Jordan Barab, deputy assistant secretary for OSHA, testified last week before the U.S. Senate Committee on Health, Education, Labor and Pensions Subcommittee on Employment and Workplace Safety. Part of his prepared statement appears below:

"Chair Murray, Ranking Member Isakson, and members of the subcommittee, thank you for inviting me to join you this morning for this necessary conversation about worker safety in our nation's energy production industries. This issue has most recently been brought to the public's attention in the most tragic way possible, with deaths of 11 workers and injuries to 17 others as the result of the April 20th explosion on the Deepwater Horizon offshore oil drilling platform.
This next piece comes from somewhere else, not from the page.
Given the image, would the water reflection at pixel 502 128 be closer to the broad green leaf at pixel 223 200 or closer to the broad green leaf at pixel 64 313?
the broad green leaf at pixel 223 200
The Deepwater Horizon disaster occurred even as OSHA continues to deal with the ramifications of the 2005 fire and explosion at BP's Texas City refinery that killed 15 workers and injured more than 170 others, and to help our Washington State Plan partners investigate the April explosion at a Tesoro refinery that left seven more workers dead.
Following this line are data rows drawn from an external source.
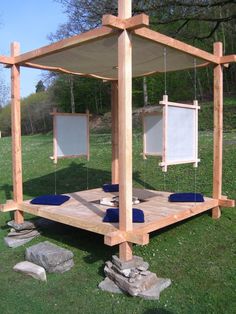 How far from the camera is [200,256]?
18.4 ft

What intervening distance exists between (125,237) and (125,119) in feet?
4.90

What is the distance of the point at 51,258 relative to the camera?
208 inches

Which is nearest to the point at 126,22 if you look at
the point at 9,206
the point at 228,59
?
the point at 228,59

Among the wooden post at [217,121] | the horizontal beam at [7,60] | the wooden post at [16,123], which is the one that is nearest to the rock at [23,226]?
the wooden post at [16,123]

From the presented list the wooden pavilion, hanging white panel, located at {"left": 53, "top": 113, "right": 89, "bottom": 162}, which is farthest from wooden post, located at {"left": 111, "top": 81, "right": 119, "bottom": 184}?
hanging white panel, located at {"left": 53, "top": 113, "right": 89, "bottom": 162}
"What have we learned from these tragic events? Certainly we have learned that in our nation's energy producing industry, the status quo is not working. In the past four months alone, at least 58 workers have died in explosions, fires and collapses at refineries, coal mines, an oil drilling rig and a natural-gas-fired power plant construction site. Not all of these tragedies are within OSHA's jurisdiction; the Deepwater Horizon was an offshore drilling facility, technically a "vessel" not subject to OSHA requirements, while mine safety is within the purview of OSHA's sister agency, the Mine Safety and Health Administration. Nevertheless, the toll of worker deaths and injuries on the job is sounding an alarm about a major problem throughout the energy industries ― a problem that OSHA must help address.

"Secretary Hilda Solis' vision for the Department of Labor is "good jobs for everyone." Good jobs are safe jobs, and we must do more to ensure that all of our nation's workers, including those in the energy industries, can go home safely when their work is done.